According to Kallanish, divergent trends emerged across regional pipe markets in April: in the United States, oil and gas OCTG pipe quotations rose significantly, while in Turkey, prices for welded pipes in the construction segment effectively stabilized. This dynamic reflects differences in demand structure, the impact of raw material factors, and the current balance of inventories. For market participants, this is a vital indicator that tubular products are increasingly reacting not only to the general state of the steel industry but to the specific requirements of end-use applications.
Dynamics in OCTG and Welded Pipe Segments
The average price of OCTG pipes on North America FOB terms rose by $220 per tonne in April, reaching $2,274/t. The market reacted with a delay to rising oil prices, as traders spent over a month assessing this factor as temporary. Only after WTI volatility persisted, with an average April price near $100.3 per barrel, did suppliers begin revising quotations upward.
Despite the price increase, drilling activity indicators in the US have not yet shown a sharp expansion in the investment cycle. According to Baker Hughes data, at the end of April, the number of oil and gas rigs in the US stood at 547 units—only four more than the previous month, but 37 fewer year-on-year. This suggests operator caution, although the volume of drilled but uncompleted wells leaves room for a rapid surge in pipe demand.
The situation in Turkey is different. By the end of April, welded pipes on Turkey FOB terms increased by only $3 per tonne to $658/t, following a $60 jump in March. Weakening demand forced some manufacturers to lower offers to $640/t FOB, though the rise of hot-rolled coil (HRC) quotes to $630/t maintains the prerequisites for further price revisions.
Impact on the Steel Market and winox.ua Solutions
For the global metal market, this divergence in price dynamics signifies increased segmentation: energy pipes are becoming more dependent on oil market conditions, while construction tubular products rely on real consumption and the cost of flat steel. This is crucial for international companies involved in import, processing, or export planning. Given the uneven movement of quotes, procurement strategies must rely on specific product types and end-use industries rather than general market expectations.
For businesses procuring steel and pipe products for manufacturing or construction projects, supply stability and price predictability are paramount. This is why winox.ua, as a supplier of steel products and industrial solutions, helps clients manage market volatility through reliable supply planning, up-to-date price benchmarks, and product selection tailored to specific technical tasks. During periods when individual market segments rise rapidly, such a supply model allows for reduced risks in production and procurement.
External trade is an additional factor. US OCTG pipe imports rose by 24.8% month-on-month in February to 116,000 tonnes, with South Korea being the largest supplier at 54,000 tonnes. Meanwhile, US OCTG exports decreased by 13.2% to 12,000 tonnes, confirming a more complex competitive situation even amid domestic price hikes.
What This Means for Industrial Procurement
The current landscape demonstrates that the pipe market no longer moves as a single entity. In the US, the primary price driver remains the energy sector and drilling expectations, whereas in Turkey, the key factors are construction demand rates and the cost of flat-rolled steel.

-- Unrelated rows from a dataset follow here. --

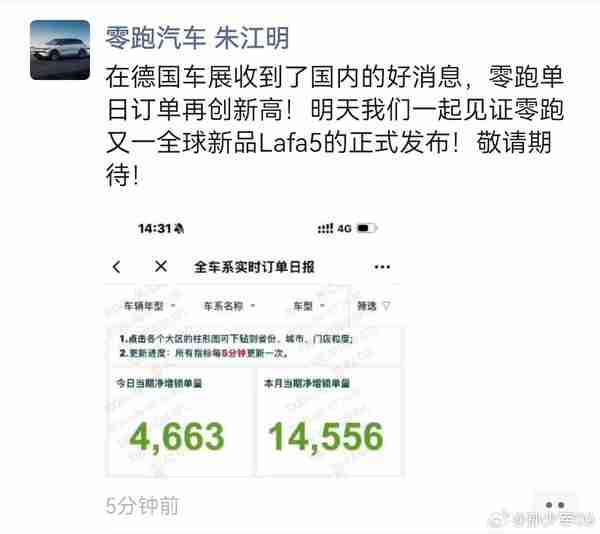 朱江明：零跑上周订单量超14556台 单日订单再创新高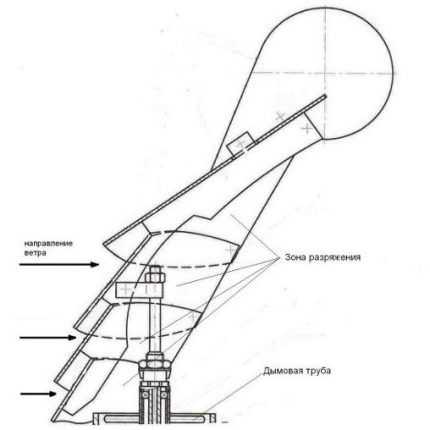 winddeflector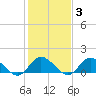 Wolf Trap Light tide chart for Tuesday, February 3, 2026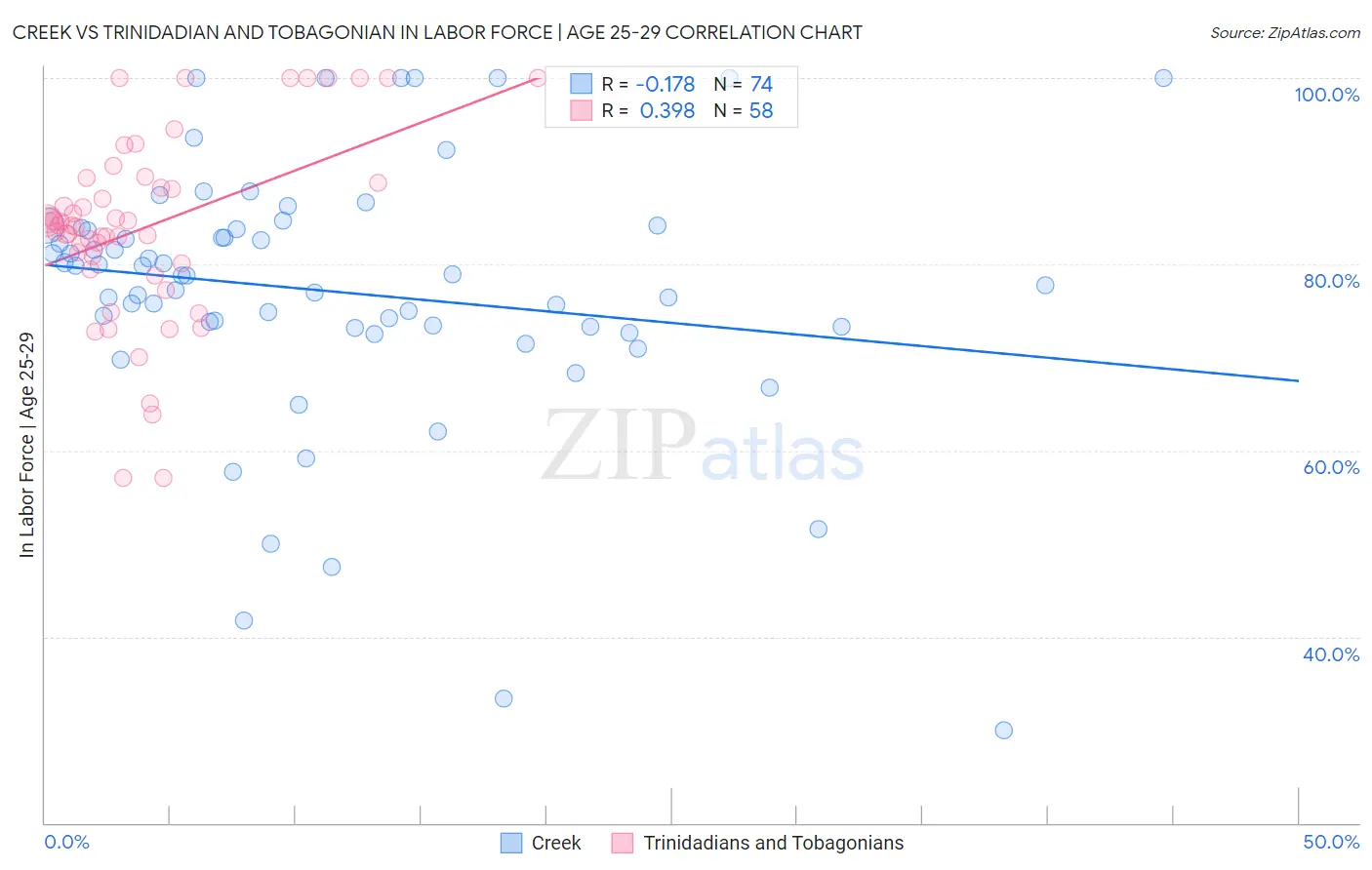 Creek vs Trinidadian and Tobagonian In Labor Force | Age 25-29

For procurement officers, this necessitates separate monitoring of each segment rather than focusing solely on general steel trends.
If high oil prices persist, the OCTG segment may maintain its upward trend in the near term. In Turkey, the further movement of welded pipe prices will depend on whether the market can absorb higher offers amidst currently restrained demand. For manufacturers and traders, this environment creates not only risks but also new opportunities to review export strategies and contract terms.